*** COLLECTED DATA ***

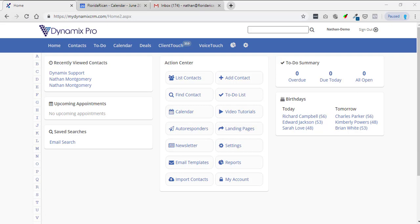My name is Nathan Montgomery with System Dynamics and in today's video I'm going to show you how to connect your Google integration with your Dynamics Pro.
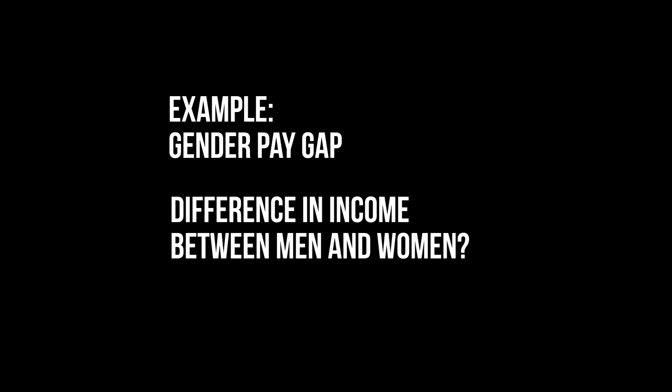For example, I want to test the gender pay gap, meaning I have a fictitious sample of men and women and their respective income.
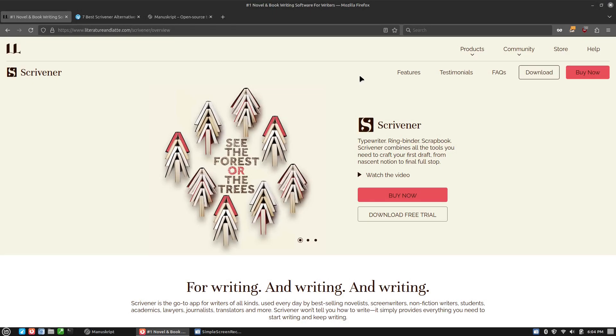Welcome back to Writing Done Right. And today we want to talk about an alternative to Scrivener.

*** End of COLLECTED DATA ***

▸ BRIEF:
Beginning with the line containing "For example, I" and ending with the last line of the data above, repeat each line exactly. Include no pictures and no other lines.

▸ RESPONSE TO THE EXERCISE:
For example, I want to test the gender pay gap, meaning I have a fictitious sample of men and women and their respective income.
Welcome back to Writing Done Right. And today we want to talk about an alternative to Scrivener.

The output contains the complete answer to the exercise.